I tried building TF on my work laptop but could not get Bazel working due to certificate hassles.

No and I suppose that the Notebook will go in timeout like the small test with public GitHub Action to build TF inside our Docker container:

I’ve recently contributed again few PRs on the TF main repo.

I could confirm that currently LLVM daily updates are one of the major usability bottlenecks to contribute to Tensorflow (core) repository as they are going to continuously invalidate the bazel disk-cache also in a controlled and reproducible environment like a Docker container.

At the same time it is still hard to know on which specific commit we could start a PR to friendly reuse (read only) the public cache produced by the official TF nightly wheels.

/cc @yarri-oss @thea

Unfortunately we cannot add a stable interface between LLVM and TF, attempts to approach this have encountered issues in the past.

Hence, we have to live with daily LLVM updates, until TF can be properly modularized

At the same time it is still hard to know on which specific commit we could start a PR to friendly reuse (read only) the public cache produced by the official TF nightly wheels.

There is also this part of the post to explore as I think TF modularization is a very long term task if and when It will be scheduled as a priority.
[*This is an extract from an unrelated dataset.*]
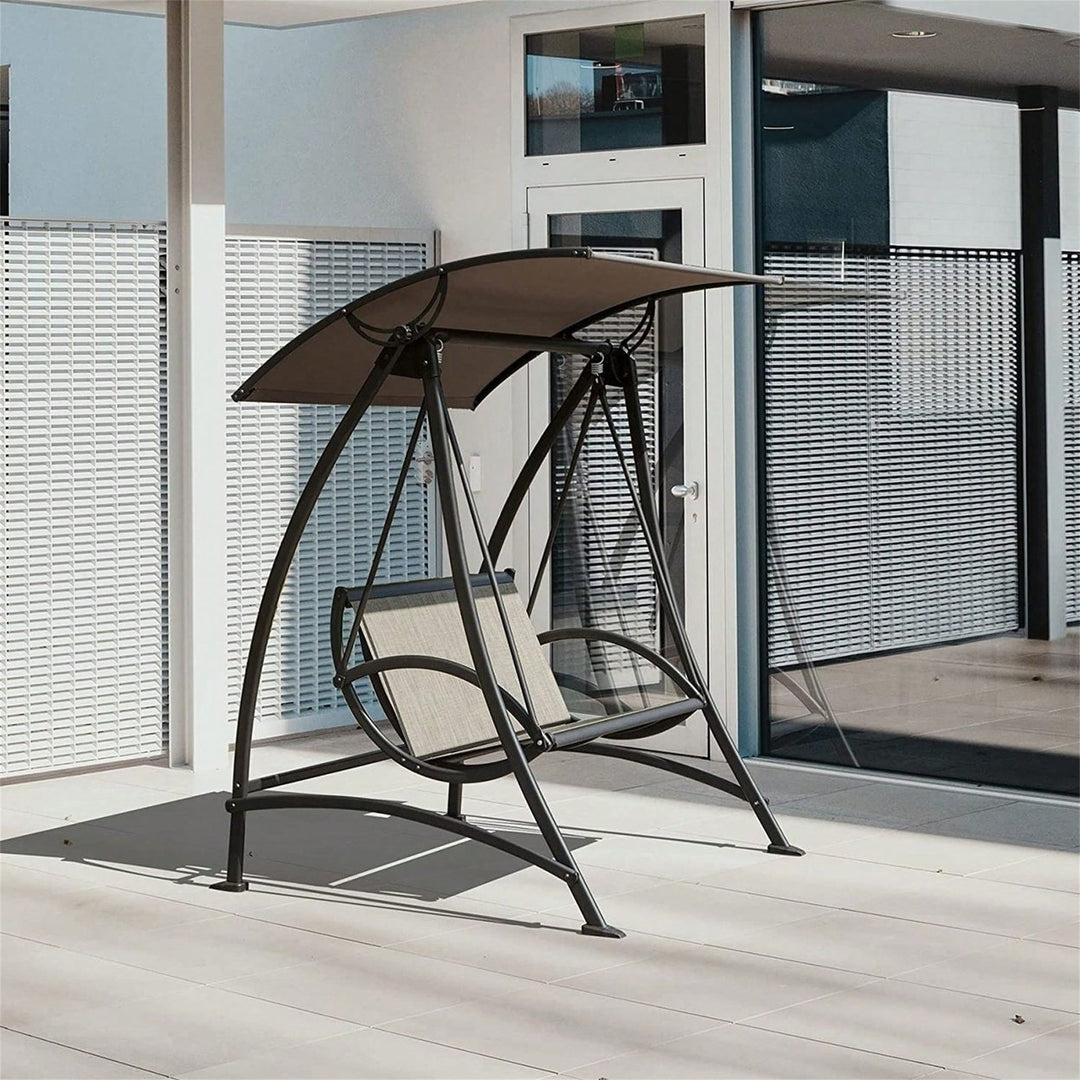 2-Seat Outdoor Patio Swing Chair with Adjustable Canopy and Sturdy Steel Frame for Garden Deck and Backyard Relaxation Image 1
We have already discussed the status of many approved old RFCs in this thread.

With the recent long thread on the LLVM/MLIR discourse forum we will never rely on a stable release of LLVM partially for the Google policy and also for the nature of LLVM/MLIR:

Also the recent announced OpenXLA will not change to much the status quo as it will going to still maintain a rolling dependency on LLVM between TF and OpenXLA.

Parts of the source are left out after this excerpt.